§ To do
Scan the data beneath this task and copy each line that includes "yellow".

┄┄┄┄┄┄┄┄┄┄┄┄┄┄┄┄┄┄┄┄

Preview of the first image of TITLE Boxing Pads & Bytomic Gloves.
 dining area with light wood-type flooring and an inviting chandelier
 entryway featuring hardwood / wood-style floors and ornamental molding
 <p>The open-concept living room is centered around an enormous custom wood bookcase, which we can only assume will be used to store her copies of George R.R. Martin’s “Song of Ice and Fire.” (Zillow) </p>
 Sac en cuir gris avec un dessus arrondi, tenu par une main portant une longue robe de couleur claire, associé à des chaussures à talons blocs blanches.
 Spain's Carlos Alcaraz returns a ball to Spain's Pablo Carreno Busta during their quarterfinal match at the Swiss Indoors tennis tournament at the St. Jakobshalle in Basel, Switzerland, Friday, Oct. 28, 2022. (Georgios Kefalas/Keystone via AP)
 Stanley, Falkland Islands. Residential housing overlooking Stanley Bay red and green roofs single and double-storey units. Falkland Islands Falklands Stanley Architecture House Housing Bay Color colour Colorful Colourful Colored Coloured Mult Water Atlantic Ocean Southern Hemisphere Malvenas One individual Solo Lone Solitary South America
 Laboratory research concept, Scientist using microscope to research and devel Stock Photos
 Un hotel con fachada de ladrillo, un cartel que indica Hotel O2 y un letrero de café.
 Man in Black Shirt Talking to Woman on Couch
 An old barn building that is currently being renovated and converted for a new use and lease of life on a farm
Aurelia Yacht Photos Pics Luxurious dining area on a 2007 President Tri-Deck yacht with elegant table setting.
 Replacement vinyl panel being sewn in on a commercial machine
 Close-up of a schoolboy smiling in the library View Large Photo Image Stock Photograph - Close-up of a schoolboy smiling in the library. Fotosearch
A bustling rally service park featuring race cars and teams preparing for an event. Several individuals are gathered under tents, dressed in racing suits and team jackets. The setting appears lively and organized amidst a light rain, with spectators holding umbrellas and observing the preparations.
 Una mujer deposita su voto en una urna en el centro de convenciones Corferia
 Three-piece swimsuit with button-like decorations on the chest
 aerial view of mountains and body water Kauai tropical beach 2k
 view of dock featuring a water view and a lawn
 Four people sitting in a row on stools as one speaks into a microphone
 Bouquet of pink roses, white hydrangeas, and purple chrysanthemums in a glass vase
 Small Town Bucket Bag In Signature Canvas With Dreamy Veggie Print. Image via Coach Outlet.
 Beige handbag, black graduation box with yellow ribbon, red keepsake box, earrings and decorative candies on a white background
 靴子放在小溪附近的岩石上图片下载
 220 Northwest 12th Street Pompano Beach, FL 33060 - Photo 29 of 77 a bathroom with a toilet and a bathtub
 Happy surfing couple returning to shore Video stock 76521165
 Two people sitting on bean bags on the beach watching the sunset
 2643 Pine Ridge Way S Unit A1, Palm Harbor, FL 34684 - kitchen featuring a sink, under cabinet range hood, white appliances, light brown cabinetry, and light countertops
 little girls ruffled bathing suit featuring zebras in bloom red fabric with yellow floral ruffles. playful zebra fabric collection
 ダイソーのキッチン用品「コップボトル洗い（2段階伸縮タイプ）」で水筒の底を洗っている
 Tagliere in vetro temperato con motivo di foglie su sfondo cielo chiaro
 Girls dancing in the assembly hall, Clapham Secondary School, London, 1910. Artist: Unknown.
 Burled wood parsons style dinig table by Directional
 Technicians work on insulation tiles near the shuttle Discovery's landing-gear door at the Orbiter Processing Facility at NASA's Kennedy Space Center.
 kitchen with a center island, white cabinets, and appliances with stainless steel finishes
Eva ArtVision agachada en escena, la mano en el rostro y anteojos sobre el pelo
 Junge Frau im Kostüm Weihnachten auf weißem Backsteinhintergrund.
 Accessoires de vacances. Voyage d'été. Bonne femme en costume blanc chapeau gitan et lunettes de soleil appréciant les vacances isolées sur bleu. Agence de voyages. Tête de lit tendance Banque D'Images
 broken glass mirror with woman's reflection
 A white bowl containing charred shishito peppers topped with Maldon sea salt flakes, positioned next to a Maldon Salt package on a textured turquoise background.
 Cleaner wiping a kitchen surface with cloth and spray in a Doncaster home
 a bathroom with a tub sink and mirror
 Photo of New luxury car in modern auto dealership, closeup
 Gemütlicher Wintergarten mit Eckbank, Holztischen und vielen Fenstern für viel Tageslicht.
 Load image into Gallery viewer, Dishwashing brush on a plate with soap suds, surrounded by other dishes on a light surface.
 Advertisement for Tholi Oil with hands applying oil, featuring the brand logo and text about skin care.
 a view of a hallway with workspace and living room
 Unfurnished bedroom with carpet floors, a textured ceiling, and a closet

┄┄┄┄┄┄┄┄┄┄┄┄┄┄┄┄┄┄┄┄

§ Your response
 Beige handbag, black graduation box with yellow ribbon, red keepsake box, earrings and decorative candies on a white background
 little girls ruffled bathing suit featuring zebras in bloom red fabric with yellow floral ruffles. playful zebra fabric collection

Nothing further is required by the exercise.